(Collected data entries)
+++++
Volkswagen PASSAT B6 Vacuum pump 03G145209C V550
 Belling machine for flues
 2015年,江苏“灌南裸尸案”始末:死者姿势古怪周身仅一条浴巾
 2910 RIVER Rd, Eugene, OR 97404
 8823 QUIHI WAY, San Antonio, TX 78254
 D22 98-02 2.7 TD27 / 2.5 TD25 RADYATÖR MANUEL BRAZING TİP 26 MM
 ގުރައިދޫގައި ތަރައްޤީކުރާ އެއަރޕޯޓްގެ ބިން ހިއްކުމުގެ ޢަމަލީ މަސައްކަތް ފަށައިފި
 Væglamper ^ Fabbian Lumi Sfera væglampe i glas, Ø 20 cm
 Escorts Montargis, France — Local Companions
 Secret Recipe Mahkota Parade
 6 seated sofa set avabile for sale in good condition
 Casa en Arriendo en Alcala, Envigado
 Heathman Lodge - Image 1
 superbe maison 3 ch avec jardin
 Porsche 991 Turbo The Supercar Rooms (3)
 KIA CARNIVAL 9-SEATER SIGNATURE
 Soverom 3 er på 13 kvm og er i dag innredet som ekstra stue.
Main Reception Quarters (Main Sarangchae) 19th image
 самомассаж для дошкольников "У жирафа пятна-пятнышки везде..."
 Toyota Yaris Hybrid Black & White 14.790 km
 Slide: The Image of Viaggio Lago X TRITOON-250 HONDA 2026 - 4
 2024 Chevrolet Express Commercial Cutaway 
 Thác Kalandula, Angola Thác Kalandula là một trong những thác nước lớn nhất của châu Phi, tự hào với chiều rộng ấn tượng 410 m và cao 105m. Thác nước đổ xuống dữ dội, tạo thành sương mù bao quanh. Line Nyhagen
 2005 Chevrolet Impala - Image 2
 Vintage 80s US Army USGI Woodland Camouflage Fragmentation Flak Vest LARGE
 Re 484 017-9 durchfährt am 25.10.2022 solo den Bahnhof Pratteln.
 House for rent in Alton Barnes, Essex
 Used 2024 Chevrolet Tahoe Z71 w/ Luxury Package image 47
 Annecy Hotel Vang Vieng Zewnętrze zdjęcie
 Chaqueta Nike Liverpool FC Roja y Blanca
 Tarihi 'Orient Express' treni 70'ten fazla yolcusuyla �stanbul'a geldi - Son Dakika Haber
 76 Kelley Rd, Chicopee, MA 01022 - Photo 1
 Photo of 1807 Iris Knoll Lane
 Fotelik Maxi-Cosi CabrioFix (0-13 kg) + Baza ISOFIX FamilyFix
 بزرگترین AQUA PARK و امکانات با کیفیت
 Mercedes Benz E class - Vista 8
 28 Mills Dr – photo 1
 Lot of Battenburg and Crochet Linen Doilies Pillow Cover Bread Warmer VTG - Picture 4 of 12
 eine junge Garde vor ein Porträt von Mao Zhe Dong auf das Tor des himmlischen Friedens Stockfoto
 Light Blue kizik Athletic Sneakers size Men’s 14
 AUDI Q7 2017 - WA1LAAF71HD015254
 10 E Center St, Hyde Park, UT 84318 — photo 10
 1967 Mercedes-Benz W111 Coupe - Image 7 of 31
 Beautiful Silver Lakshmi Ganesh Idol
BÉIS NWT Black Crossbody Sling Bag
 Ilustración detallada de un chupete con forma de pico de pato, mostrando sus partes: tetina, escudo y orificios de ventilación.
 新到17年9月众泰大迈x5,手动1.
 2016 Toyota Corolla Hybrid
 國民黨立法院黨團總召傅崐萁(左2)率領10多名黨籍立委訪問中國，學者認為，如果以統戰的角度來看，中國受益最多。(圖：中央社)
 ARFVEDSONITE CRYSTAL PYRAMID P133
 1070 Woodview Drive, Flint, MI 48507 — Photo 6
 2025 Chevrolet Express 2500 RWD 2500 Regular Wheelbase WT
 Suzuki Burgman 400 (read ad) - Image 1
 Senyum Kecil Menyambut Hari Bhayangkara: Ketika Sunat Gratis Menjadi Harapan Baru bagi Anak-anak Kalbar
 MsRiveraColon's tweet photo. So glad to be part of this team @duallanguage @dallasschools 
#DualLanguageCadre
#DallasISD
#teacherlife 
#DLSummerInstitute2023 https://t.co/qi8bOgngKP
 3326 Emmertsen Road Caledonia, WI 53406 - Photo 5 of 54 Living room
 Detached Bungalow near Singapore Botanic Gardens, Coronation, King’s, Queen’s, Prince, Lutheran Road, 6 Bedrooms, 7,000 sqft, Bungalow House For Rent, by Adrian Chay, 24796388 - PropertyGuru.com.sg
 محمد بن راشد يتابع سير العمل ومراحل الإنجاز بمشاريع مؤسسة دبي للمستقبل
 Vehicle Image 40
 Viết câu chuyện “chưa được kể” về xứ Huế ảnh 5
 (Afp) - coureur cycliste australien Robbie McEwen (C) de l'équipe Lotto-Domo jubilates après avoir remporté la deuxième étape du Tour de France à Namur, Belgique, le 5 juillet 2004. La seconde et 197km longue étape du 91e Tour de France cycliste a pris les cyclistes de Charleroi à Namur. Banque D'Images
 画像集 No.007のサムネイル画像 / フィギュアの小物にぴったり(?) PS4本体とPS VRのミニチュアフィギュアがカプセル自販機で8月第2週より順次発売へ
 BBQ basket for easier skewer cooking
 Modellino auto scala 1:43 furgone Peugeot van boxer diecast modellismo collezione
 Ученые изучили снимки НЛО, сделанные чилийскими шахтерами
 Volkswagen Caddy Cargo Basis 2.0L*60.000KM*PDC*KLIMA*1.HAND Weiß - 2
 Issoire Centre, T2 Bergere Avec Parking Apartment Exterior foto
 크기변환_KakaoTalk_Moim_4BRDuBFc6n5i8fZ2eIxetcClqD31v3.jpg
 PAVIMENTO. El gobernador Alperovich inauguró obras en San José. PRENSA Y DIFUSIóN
+++++
PROBLEM DESCRIPTION –
Copy word for word the stretch of entries above from the line that has "Soverom 3 er" through the line that has "Annecy Hotel Vang Vieng Zewnętrze zdjęcie", both ends included, and nothing outside it.

ANSWER –
 Soverom 3 er på 13 kvm og er i dag innredet som ekstra stue.
Main Reception Quarters (Main Sarangchae) 19th image
 самомассаж для дошкольников "У жирафа пятна-пятнышки везде..."
 Toyota Yaris Hybrid Black & White 14.790 km
 Slide: The Image of Viaggio Lago X TRITOON-250 HONDA 2026 - 4
 2024 Chevrolet Express Commercial Cutaway 
 Thác Kalandula, Angola Thác Kalandula là một trong những thác nước lớn nhất của châu Phi, tự hào với chiều rộng ấn tượng 410 m và cao 105m. Thác nước đổ xuống dữ dội, tạo thành sương mù bao quanh. Line Nyhagen
 2005 Chevrolet Impala - Image 2
 Vintage 80s US Army USGI Woodland Camouflage Fragmentation Flak Vest LARGE
 Re 484 017-9 durchfährt am 25.10.2022 solo den Bahnhof Pratteln.
 House for rent in Alton Barnes, Essex
 Used 2024 Chevrolet Tahoe Z71 w/ Luxury Package image 47
 Annecy Hotel Vang Vieng Zewnętrze zdjęcie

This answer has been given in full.